The main objective of this work was to evaluate the temperature distribution over the thickness of a polymer film subjected to oriented drawing using a local heater and to estimate the temperature difference between the heater-contacting and non-contacting sides of the film as a function of its thickness since the inhomogeneity of the temperature distribution over the film thickness can affect the mechanical properties of the resulting oriented polymer. Most attention is paid to the study of heat transfer at the first stage of orientation drawing, namely, at the stage of necking, when a film of initial thickness is fed to a local heater, and when the alpha relaxation temperature is reached in the crystal cores of nanolamellae, the initial folded lamellar structure is rearranged into a fibrillar structure under the action of an applied load (nake formation) as a result of the phase transition from a folded-chain crystal (FCC) to an extended-chain crystal (ECC). This process is accompanied by a decrease in the width and thickness of the oriented film with the formation of a neck at the transition point.

Numerical modeling of heat transfer in the film showed a non-uniform temperature distribution along the film thickness, depending on the speed of the oriented film feeding to the heater and on the thickness of the oriented film; the maximum temperature difference is reached between the contact (facing the heater) side of the film and the non-contact side, opposite to the contact side and being in the air. Since all kinetic processes occurring during oriented hardening depend exponentially on temperature and stress conditions (according to the Arrhenius equation), plastic deformation will proceed differently depending on the local temperature and local stress in the two near-surface layers of these sides of the oriented film.

The lower temperature on the non-contact side of the film compared to the contact side reduces the activity of thermofluctuation processes, which, according to Zhurkov’s theory, determine the rate of accumulation of molecular breaks. However, the inhomogeneous temperature distribution along the film thickness entails inhomogeneous values of tensile stresses; the stresses on the non-contact side are higher than on the contact side. According to the same Zhurkov theory, increasing stress decreases the activation energy and accelerates molecular rupture. It is assumed that the effect of inhomogeneity of stress distribution prevails over the effect of temperature inhomogeneity, which leads to the formation of macro- and microdefects in the colder near-surface layers.

It is suggested that defects formed in the colder near-surface layer will “work as a time mine” and lead to the formation of large rotational defects kink bands during further orientation drawing in the process of plastic deformation of the formed microfibrillar structure.

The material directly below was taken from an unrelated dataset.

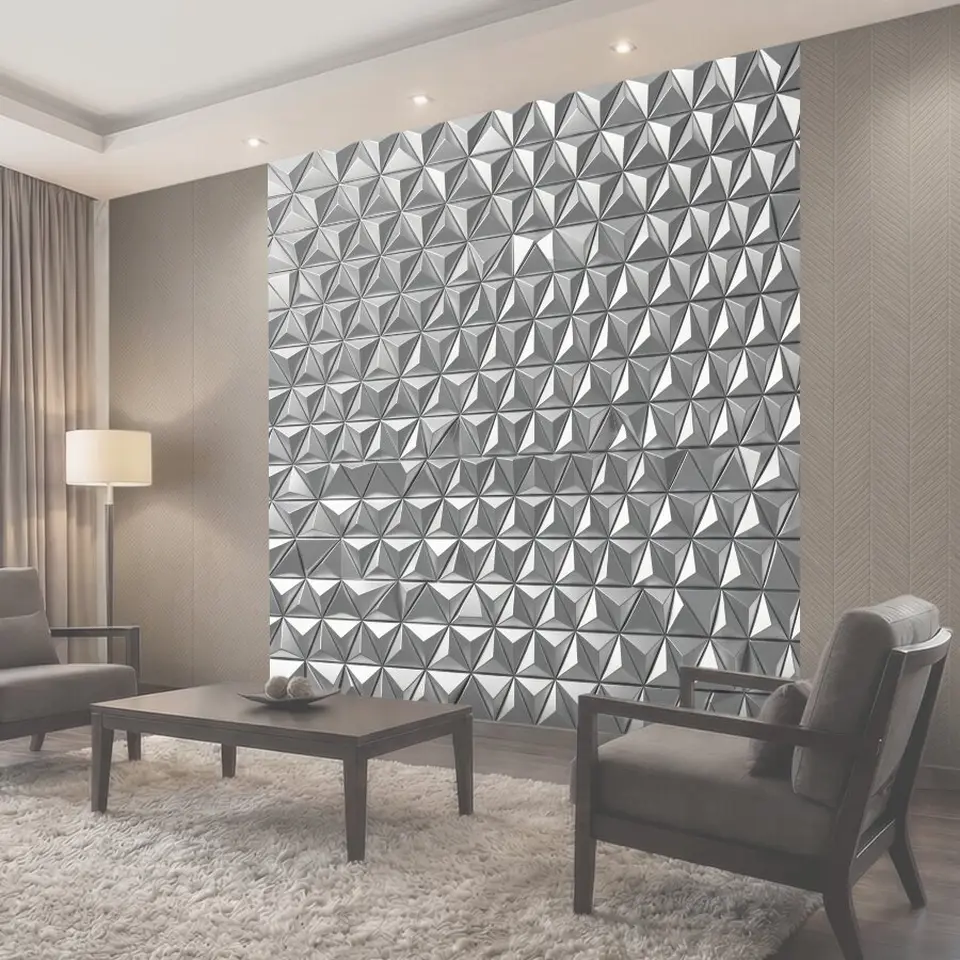 Фотообои Серебристая 3D-геометрия из граней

The formation of kink bands leads to premature rupture of the oriented material long before the limiting orientational elongations are reached and does not allow us to obtain oriented filaments with mechanical characteristics approaching the theoretical estimates. It is found that the most homogeneous temperature distribution over the film thickness, required, by default, for synchronous rearrangement of the non-oriented initial structure into a fibrillar one, is observed only for films less than 50 μm thick at a wide variation of the oriented film transport velocities through the heater. For thicker films, special attention should be paid to the selection of the drawing speed depending on the corresponding thickness of the oriented film in order to find the optimal temperature and force modes of orientation hardening used to obtain ultra-high-strength and high-modulus polyethylene yarns. Statistical confirmation of our hypothesis will require a large amount of experimental data on the detection of the moment of formation of kink bands as a function of temperature and drawing velocity.